From the comments in your text file (why not post everything readable in the message with the log entries in code blocks) I gather you think I have access to the TTS(CE) infrastructure.
That is wrong. I am a volunteer spending a lot of time trying to help other TTN users. We, moderators, do not have special privileges on the TTN infrastructure, just the additional right required for moderation on the forum.
We try to help people by suggesting possible causes of issues but do not have the time to do all the analysis and debugging for all users.

So if I ask specific questions, if you want me to help you need to answer those by providing the answers, not require me to go try find the information from your logs. If you post the logs as well that might help, but answers are the main priority.

Maybe an additional hint to figure out where the problem is:
If the connection between a gateway and the TTS-Server is lost (for more than 30 seconds?), the Up/Down-counter on the right side of “Last seen” on the TTS-console is reset.
This is the way how I found out that my WiFi-connection to my gateway was unreliable.

Sorry if I created the perception that I expected analyses and debugging from your side; TTS is a kind of black box for me. As your collegue suggested I went looking for the console log at exact the same point of time. (And I feel bad previously only have looked at the application console)

With what I noticed I rephrase my problem :
I have missing packets on the Application data interface. I now see them in the web gateway interface and some do not reach the application. I tried also MQTT and webhook to ThingSPeak.
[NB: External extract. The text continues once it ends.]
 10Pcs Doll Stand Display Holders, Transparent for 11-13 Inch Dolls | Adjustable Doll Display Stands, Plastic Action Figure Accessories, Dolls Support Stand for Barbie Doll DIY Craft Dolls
In both cases the packets were also missing. I searched the forum and did find the topic ‘Missing Packets on Application Data’ which seems to describe exactly what I experience now. In the discussion was suggested to use the storage integration, but also there the packet was missing.
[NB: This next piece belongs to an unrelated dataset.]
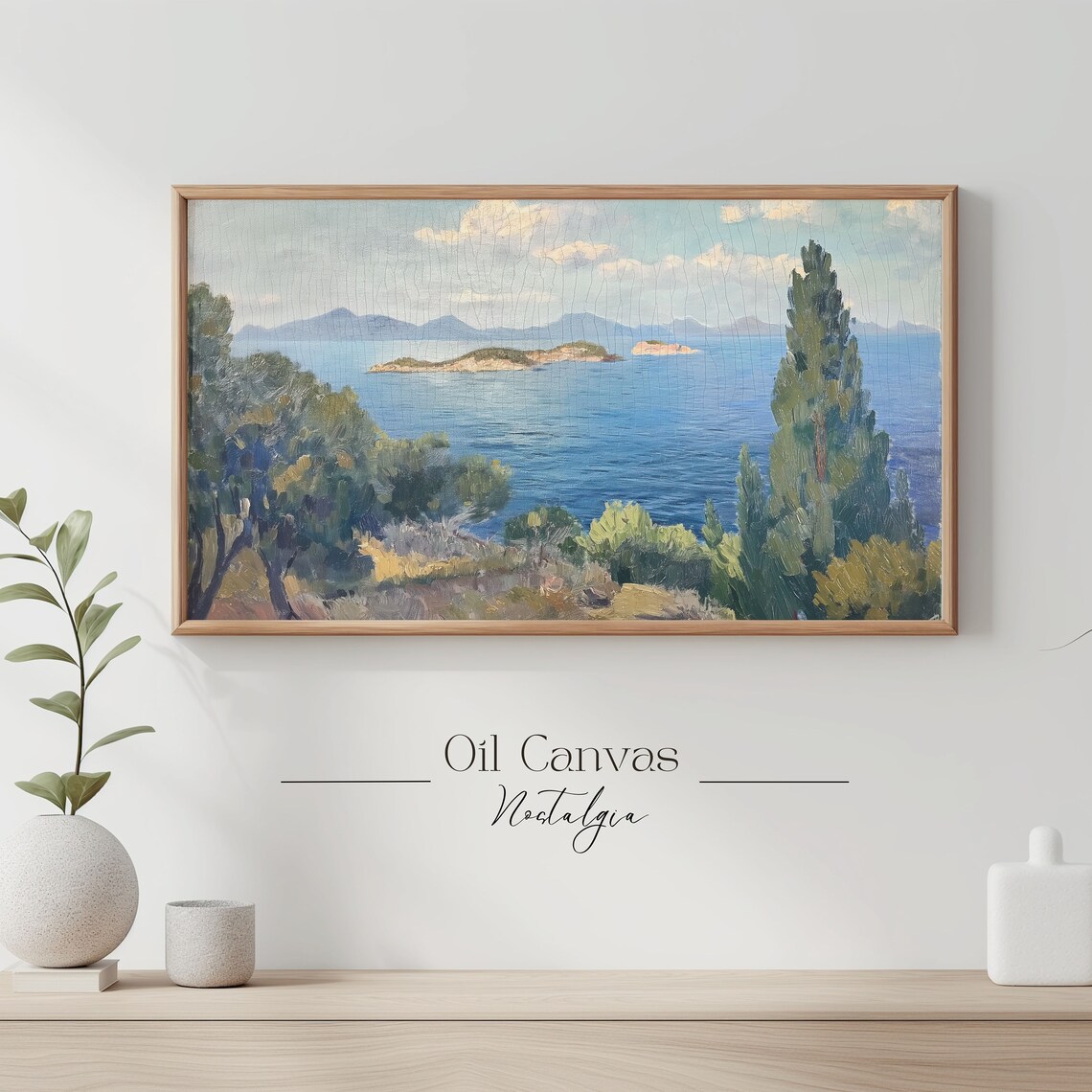 Frame Tv Art Vintage Beach Oil Painting Summer Sea Art Ocean Frame Tv Art Costal Landscape Blue Nautical Seascape - Image 3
Below an example : two packets were retrieved from Data Storage with f_cnt = 1769 and 1771. The one in between with f_cnt = 1770 appeared in the gateway console. I have added the packet.
I cannot see anything weird. Any suggestion where to look further for the cause

{
  "name": "gs.up.receive",
  "time": "2021-07-12T19:23:46.565597526Z",
  "identifiers": [
    {
      "gateway_ids": {
        "gateway_id": "dragino-lps8-gateway-pdbr"
      }
    },
    {
      "gateway_ids": {
        "gateway_id": "dragino-lps8-gateway-pdbr",
        "eui": "A840411EAA044150"
      }
    }
  ],
  "data": {
    "@type": "type.googleapis.com/ttn.lorawan.v3.UplinkMessage",
    "raw_payload": "QMPECyaA6gYCS24pZOrWLbpL",
    "payload": {
      "m_hdr": {
        "m_type": "UNCONFIRMED_UP"
      },
      "mic": "1i26Sw==",
      "mac_payload": {
        "f_hdr": {
          "dev_addr": "260BC4C3",
          "f_ctrl": {
            "adr": true
          },
          "f_cnt": 1770
        },
        "f_port": 2,
        "frm_payload": "S24pZOo="
      }
    },
    "settings": {
      "data_rate": {
        "lora": {
          "bandwidth": 125000,
          "spreading_factor": 7
        }
      },
      "coding_rate": "4/5",
      "frequency": "867300000",
      "timestamp": 1209086659,
      "time": "2021-07-12T19:23:46.541561Z"
    },
    "rx_metadata": [
      {
        "gateway_ids": {
          "gateway_id": "dragino-lps8-gateway-pdbr",
          "eui": "A840411EAA044150"
        },
        "time": "2021-07-12T19:23:46.541561Z",
        "timestamp": 1209086659,
        "rssi": -35,
        "channel_rssi": -35,
        "snr": 10.2,
        "location": {
          "latitude": 51.21161367789357,
          "longitude": 4.452853202819825,
          "source": "SOURCE_REGISTRY"
        },
        "uplink_token": "CicKJQoZZHJhZ2luby1scHM4LWdhdGV3YXktcGRichIIqEBBHqoEQVAQw+XEwAQaDAjCrbKHBhCszdONAiC4k7mZmJoD",
        "channel_index": 4
      }
    ],
    "received_at": "2021-07-12T19:23:46.565503660Z",
    "correlation_ids": [
      "gs:conn:01FADPRV0H5CK5CVN3M4GRN6FC",
      "gs:uplink:01FAE2ST051540D8553TQC3MNE"
    ]
  },
  "correlation_ids": [
    "gs:conn:01FADPRV0H5CK5CVN3M4GRN6FC",
    "gs:uplink:01FAE2ST051540D8553TQC3MNE"
  ],
  "origin": "ip-10-100-5-46.eu-west-1.compute.internal",
  "context": {
    "tenant-id": "CgN0dG4="
  },
  "visibility": {
    "rights": [
      "RIGHT_GATEWAY_TRAFFIC_READ",
      "RIGHT_GATEWAY_TRAFFIC_READ"
    ]
  },
  "unique_id": "01FAE2ST05W6VQZVJN60D91CV9"
}

They may well be, as most rack servers are painted black. But that doesn’t stop you reading all the documentation just like the rest of us have.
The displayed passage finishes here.